Sí, este es otro once de septiembre y, a diferencia de todos los anteriores, en este día recuerdo a todos los hermanos que no están con nosotros y aquellos que siguen luchando por una sociedad más humana y equitativa en este escupitajo contra la impunidad.

Todo mi amor,

Todo mi compromiso,

Toda mi esperanza,

Todo mi respeto,

A los caídos, a los que resisten, a los que luchan y su valentía,
especialmente al gesto justiciero de Francisco Cuadrado Prats.

miércoles, 5 de septiembre de 2007

La memoria, ese espíritu santo que emerge de todas las cosas.


A mis padres, José y Gladys.

A mis hermanos, Ulises, José y Marco ausente.

Para mis sobrinos, Francisco, Nicolás y Monserrat.


Hace unos días, en el noticiero de la noche, mostraron la fiesta de despedida de la ciudad de Chuquicamata.

Mis padres vivieron ahí cuando jóvenes. Allí se conocieron, se casaron, nacieron mis tres hermanos mayores. Pero el progreso y el dinero suelen ser más importantes, por eso la ciudad que tanto quieren desapareció para siempre.

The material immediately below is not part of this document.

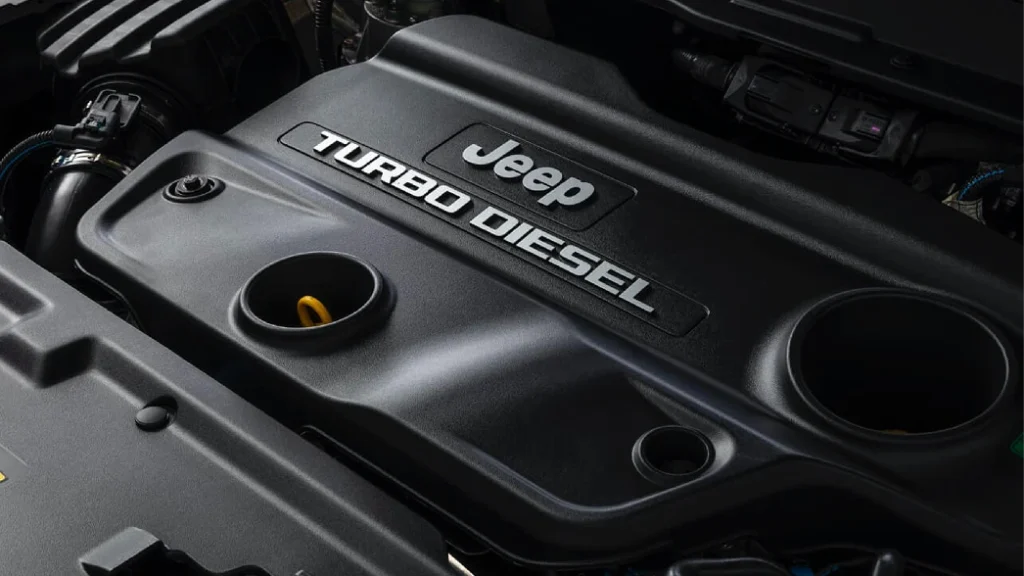 Jeep Commander Overland Turbo Diesel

Mi madre lloró abrazada a mi padre. La emoción se me atragantó en la garganta y comencé a recordar. Muchas veces en la vida he escuchado las viejas historias de cuando vivían en Chuqui. En ese tiempo todavía no nacía y mi familia habitaba una pequeña casa en un sector del pueblo minero llamado los cuatrocientos. En esa casa celebraron los primeros cumpleaños de mis hermanos y ellos aprendieron a caminar en esos polvorientos pasajes. Mil historias que se enredaron en mi vida y que ahora no tendrán un lugar físico a qué referirse.

Recordé también la nostalgia de algunos de mis tíos cuando rememoraban la niñez en las salitreras. Incluso esos recuerdos desaparecieron cuando murieron hace unos años. Nadie cuenta esas historias y la muerte venció a la vida que esos sitios atesoraban.

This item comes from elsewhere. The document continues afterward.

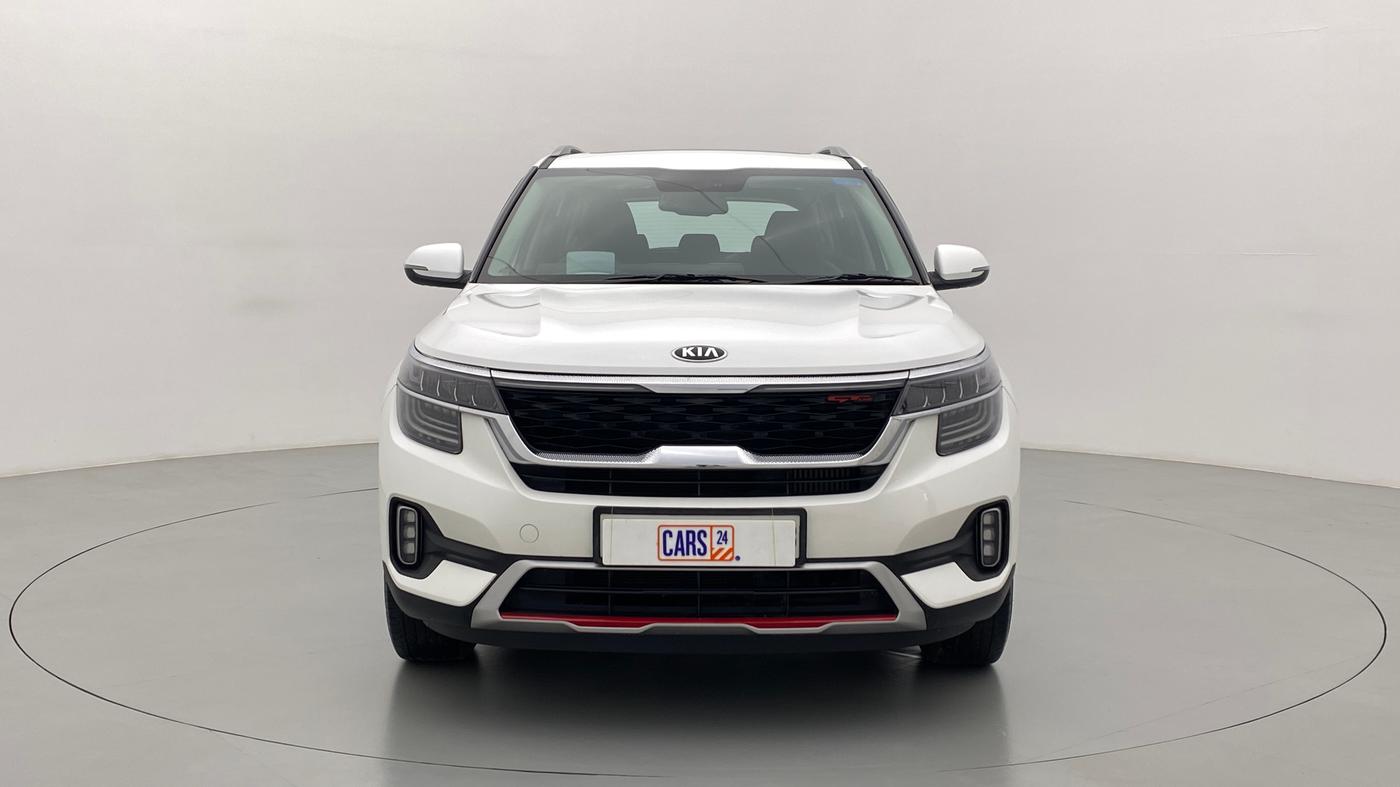 2020 KIA SELTOS GTX 1.4 GDI PETROL, Petrol, Manual, 12,499 km, Front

Así ocurrirá con Chuquicamata y todos sus emblemáticos lugares: Chile Club, Social Club, el Americano, el Estadio Anaconda, la Garita Nº6, el bar de la Tía Elisa... A esas alturas yo también estaba llorando. Me daba pena que ese sitio en el mundo, donde mi familia inició su rodaje, nunca más existiría. Sentí una fuerte sensación de precariedad, como si la vida y su hermosa explosión de luz no pudiera dejar ningún rastro para la eternidad. Es otra muerte. Una muerte colectiva. La muerte de muchos seres humanos que tienen en ese territorio amarrada parte importante de su vida. Lloré porque nunca más podría acompañar a mis padres a pasear por esas callecitas, mientras me cuentan las mismas viejas historias de siempre, esas que me abrigan cuando siento el frío de la soledad.

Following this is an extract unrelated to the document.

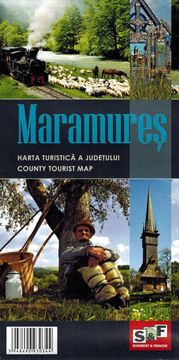 shumee Maramureš 1:180.000. Turistični zemljevid. Schubert & Franzke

Mis padres conocieron la vida mientras la mina pertenecía a los gringos y celebraron la nacionalización del cobre junto a toda la gente. Vieron aparecer los primeros autobuses entre Chuqui y Calama. Vibraron con las finales deportivas en el Anaconda. Bailaron con los conjuntos de moda en el Chile Club. Amaron aquella vida construyéndola cada día junto a los demás chuquicamatinos. "Éramos todos amigos", repiten mis padres tratando de consolarse. En silencio me pregunto por qué todo tiene que desaparecer.

Aún tengo las fotos y otros objetos de esa época. En el futuro -cuando mis padres no estén- serán mis herramientas para no olvidar la vida que hicieron en ese rincón del desierto, para no olvidarme nunca que ese rincón existió, que fueron muy felices ahí... para no olvidar que en ese pasaje de tierra, en esa pequeña casita, mis padres soñaron un día con traerme a este mundo.